Upgrading Perl to a Modern Version: the ActiveState Guide

Upgrading Perl

Many organizations stopped upgrading Perl after the release of 5.8.8 or 5.10.1, about 8 to 11 years ago. At that point in history, major releases of Perl could take many years to come to fruition. To make things more confusing, point releases of a given version sometimes contained large changes (including backwards incompatibilities) that we'd expect in major releases. For example, 5.10.1, released 20 months after 5.10, contained a number of backwards incompatibilities and quite a few new features.

This made upgrading Perl scary and unpredictable. It also made working on the Perl core challenging. What was an appropriate change for any release? When would changes see the light of day?

To fix all that, Perl 5 pumpking Jesse Vincent instituted a new release plan.
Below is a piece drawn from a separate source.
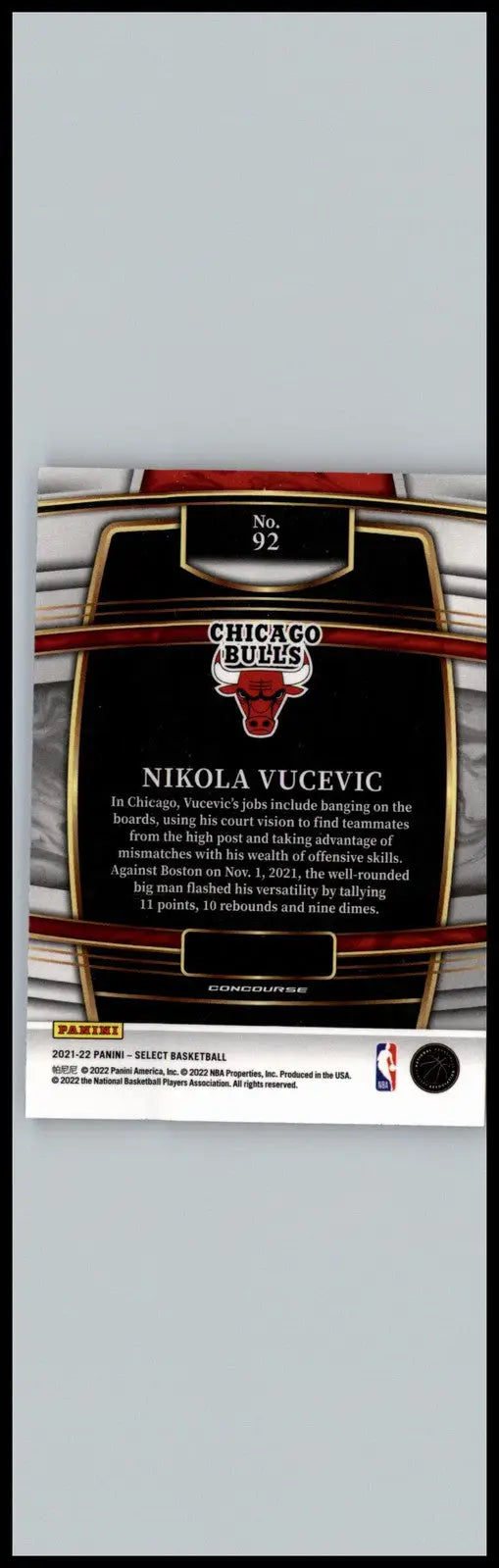 2021-22 Panini Select #92 Nikola Vucevic Blue (Retail Base) Chicago Bulls - Basketball Card Single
Major releases (5.12, 5.14, etc.) would come out once a year in April. In between, development version point releases (5.11.0, 5.11.1) would be made once a month.

After a major release comes out (5.22.0, 5.24.0, etc.) there may be additional point releases (5.22.1) as needed, but only for two years after the initial release. After that period, support ends except for critical security fixes, for which an additional year of support is provided.

Note that when I say "support" I mean that the community of people working on Perl as a whole will work on bugs and security issues during this time frame. This is not commercial support. If you want that, well, that's one of the reasons to become an ActiveState customer!

Jesse's plan worked, and we've seen yearly releases in April (or May or June) every year from 2010's 5.12.0 to 2016's 5.24.0.

The upshot of all this is that major Perl releases are much smaller and safer than they used to be. Point releases are extremely safe, and we recommend always upgrading when a new point release comes out.

But if you haven't upgraded for ages, you're still in a difficult situation. How do you get from ancient Perl to modern Perl? What should you look out for? And why should you even upgrade at all?

Features and Fixes

Let's tackle that last question first. Why upgrade?

The simple answer is that Perl has seen quite a few new features in the past few years, ranging from little tweaks (the s///r modifier) to "this really changes all my code for the better" (subroutine signatures). Let's take a look at some of the highlights of the last six years, from 5.12 through 5.24.

Y2038 Handling

If you're my age, you remember the Y2K efforts of the late 90s. While none of the predicted catastrophes came to pass on January 1, 2000, that was in no small part because of the countless software developers who worked to prevent such catastrophes!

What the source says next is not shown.